## Action item
Restate each record word for word, omitting whatever pictures it holds.

## Listed entries
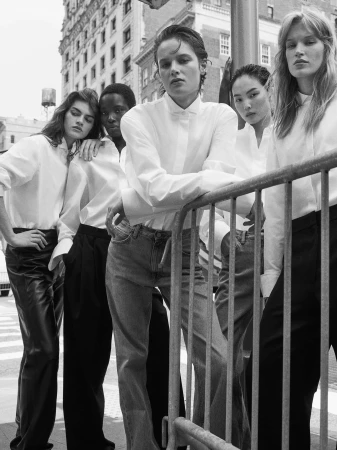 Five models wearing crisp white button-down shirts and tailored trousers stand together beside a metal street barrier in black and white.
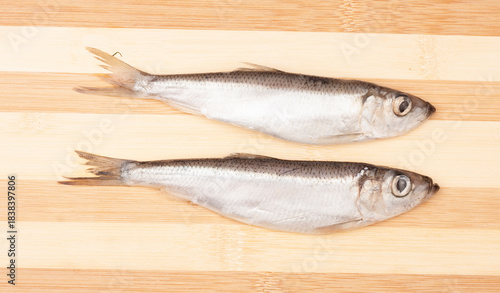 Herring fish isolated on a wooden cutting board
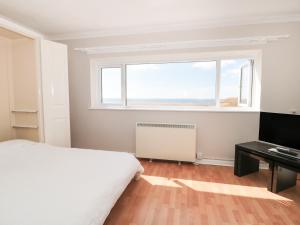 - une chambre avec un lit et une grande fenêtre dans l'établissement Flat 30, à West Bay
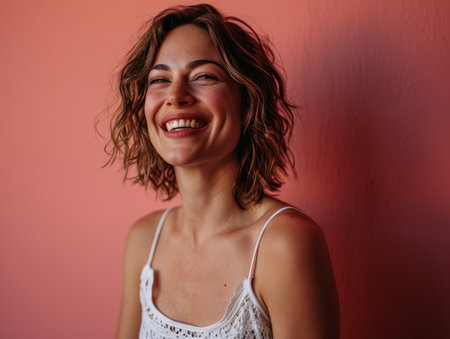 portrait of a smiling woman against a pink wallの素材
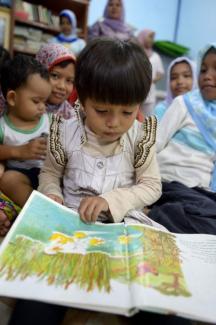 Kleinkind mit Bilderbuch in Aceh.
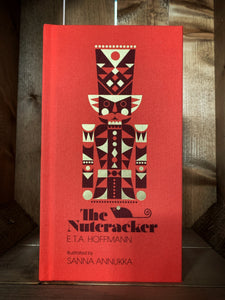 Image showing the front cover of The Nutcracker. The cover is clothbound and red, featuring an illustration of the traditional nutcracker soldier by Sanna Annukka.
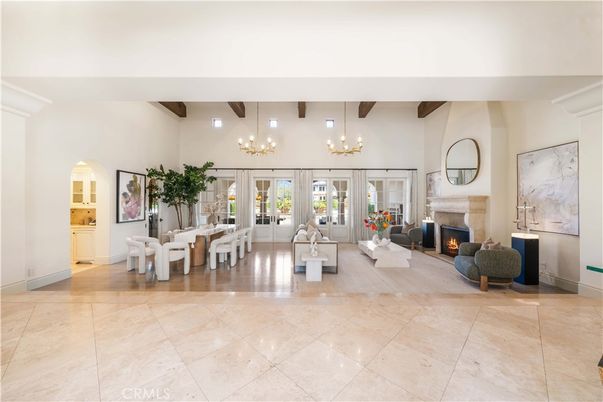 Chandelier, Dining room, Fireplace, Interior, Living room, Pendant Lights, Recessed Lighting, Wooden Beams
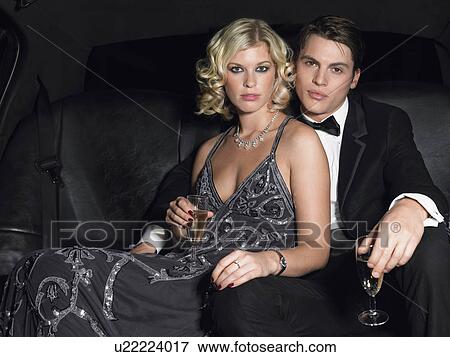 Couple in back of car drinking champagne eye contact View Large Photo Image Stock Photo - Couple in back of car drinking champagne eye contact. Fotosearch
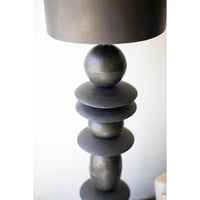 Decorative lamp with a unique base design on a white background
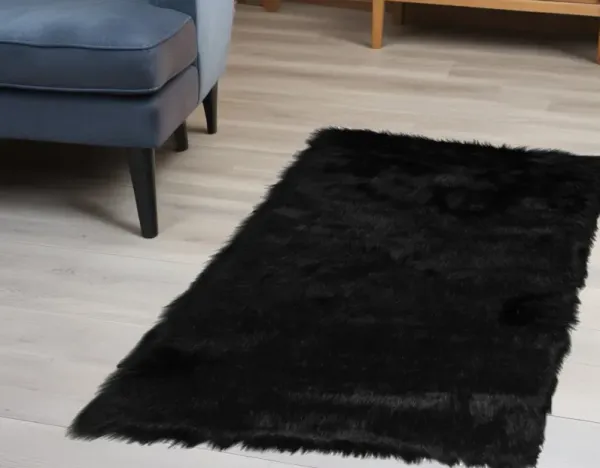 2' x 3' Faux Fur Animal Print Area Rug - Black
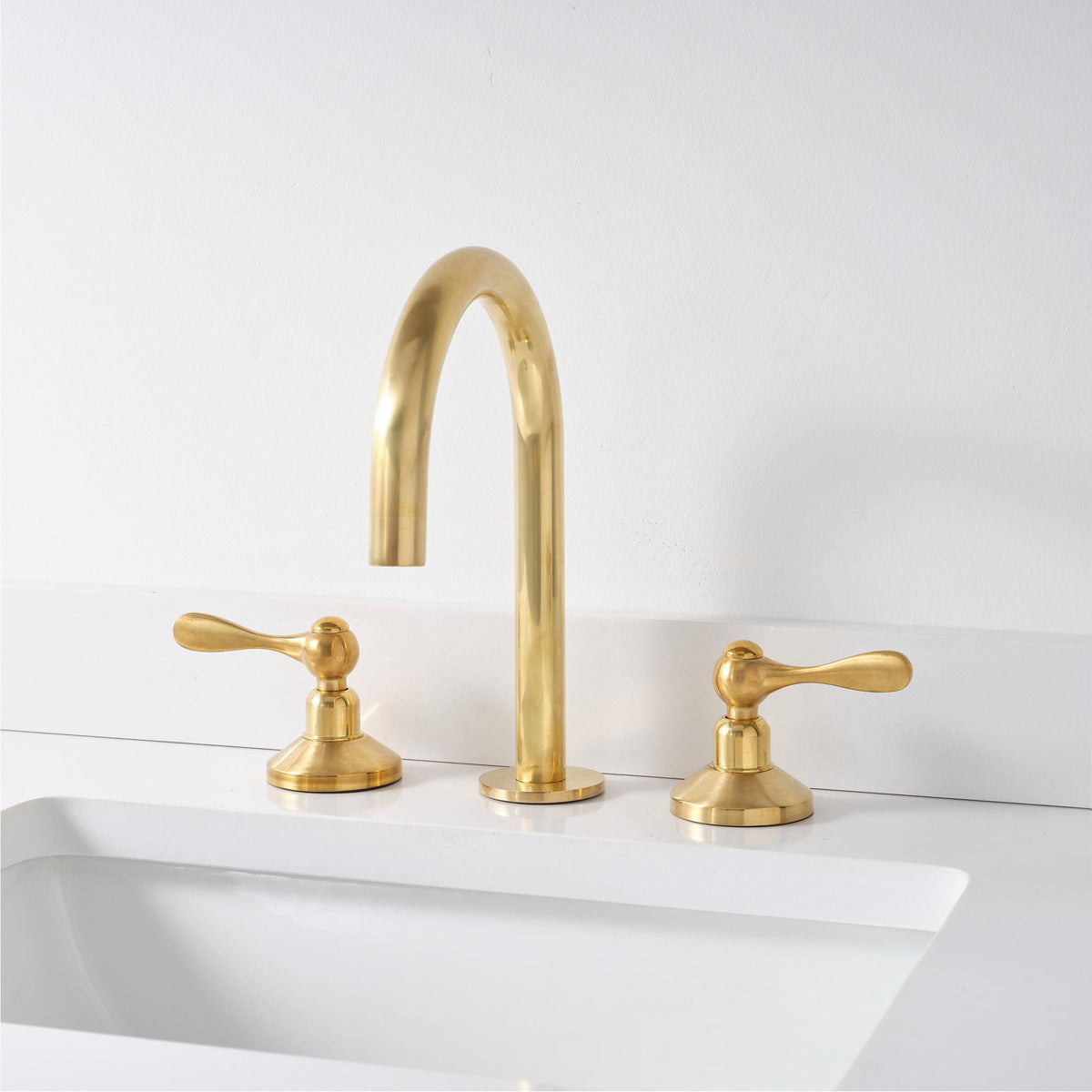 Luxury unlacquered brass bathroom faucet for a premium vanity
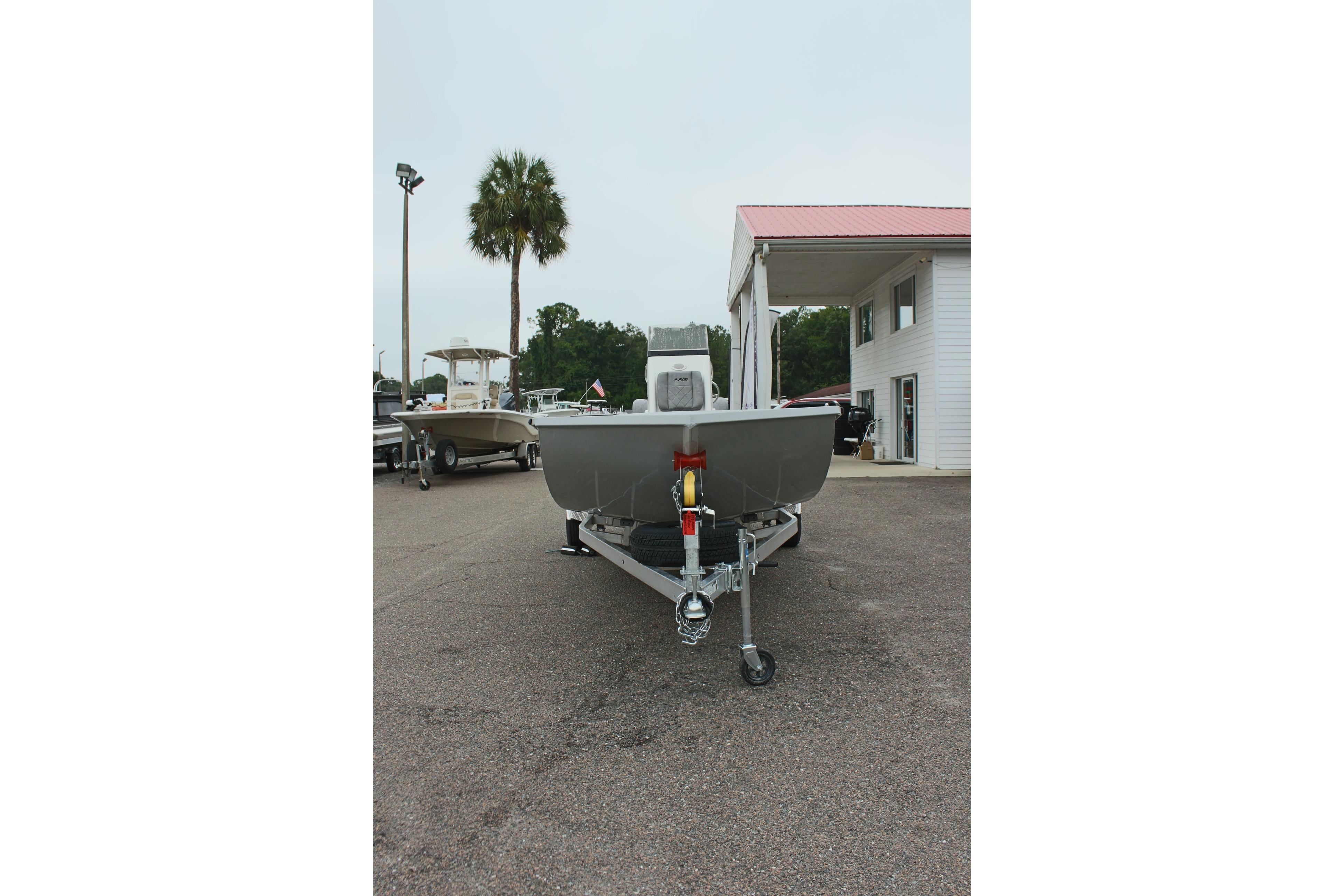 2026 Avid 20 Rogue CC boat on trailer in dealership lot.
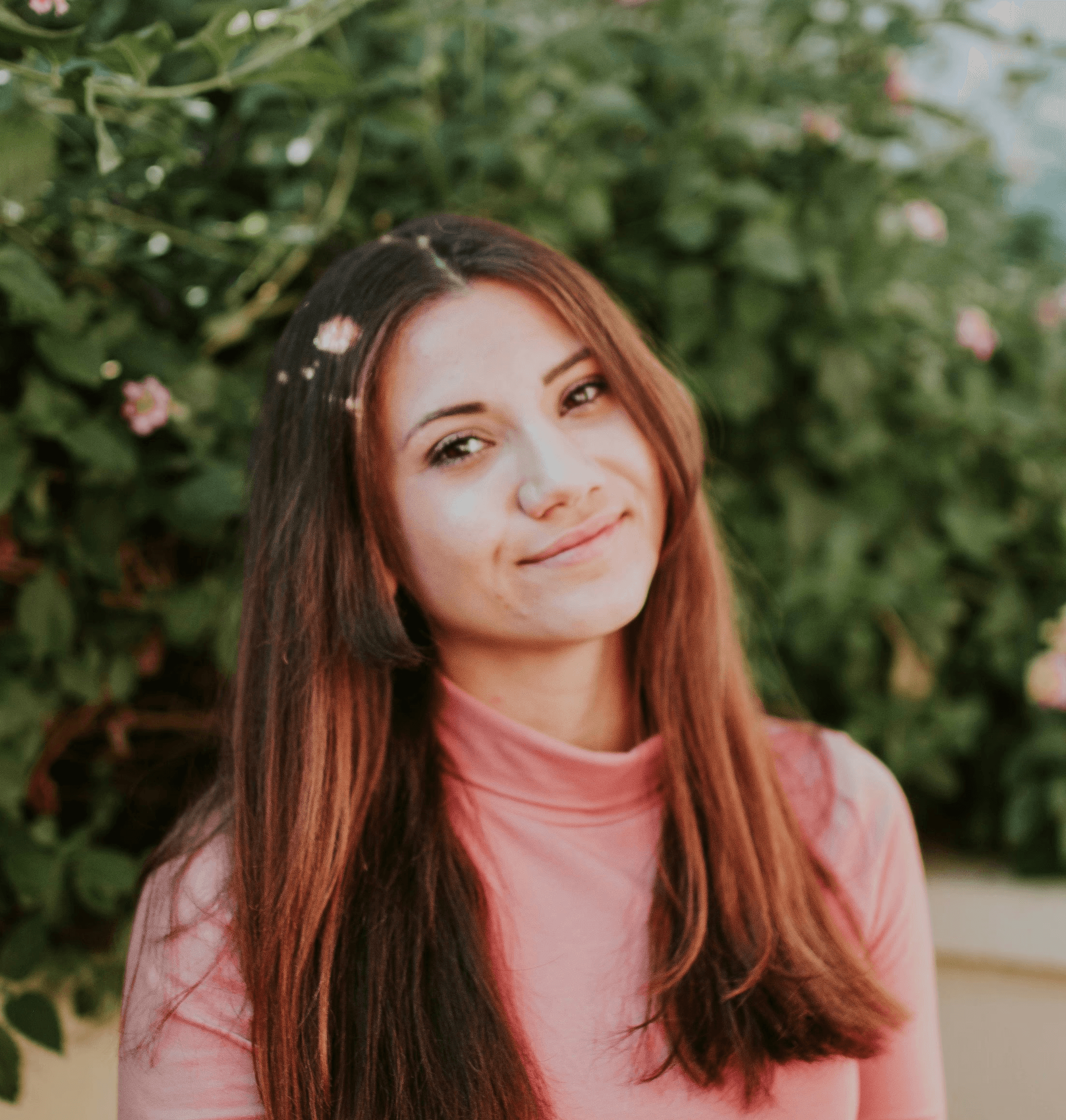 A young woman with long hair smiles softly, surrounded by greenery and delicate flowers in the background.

## Response box
 Five models wearing crisp white button-down shirts and tailored trousers stand together beside a metal street barrier in black and white.
 Herring fish isolated on a wooden cutting board
 - une chambre avec un lit et une grande fenêtre dans l'établissement Flat 30, à West Bay
 portrait of a smiling woman against a pink wallの素材
 Kleinkind mit Bilderbuch in Aceh.
 Image showing the front cover of The Nutcracker. The cover is clothbound and red, featuring an illustration of the traditional nutcracker soldier by Sanna Annukka.
 Chandelier, Dining room, Fireplace, Interior, Living room, Pendant Lights, Recessed Lighting, Wooden Beams
 Couple in back of car drinking champagne eye contact View Large Photo Image Stock Photo - Couple in back of car drinking champagne eye contact. Fotosearch
 Decorative lamp with a unique base design on a white background
 2' x 3' Faux Fur Animal Print Area Rug - Black
 Luxury unlacquered brass bathroom faucet for a premium vanity
 2026 Avid 20 Rogue CC boat on trailer in dealership lot.
 A young woman with long hair smiles softly, surrounded by greenery and delicate flowers in the background.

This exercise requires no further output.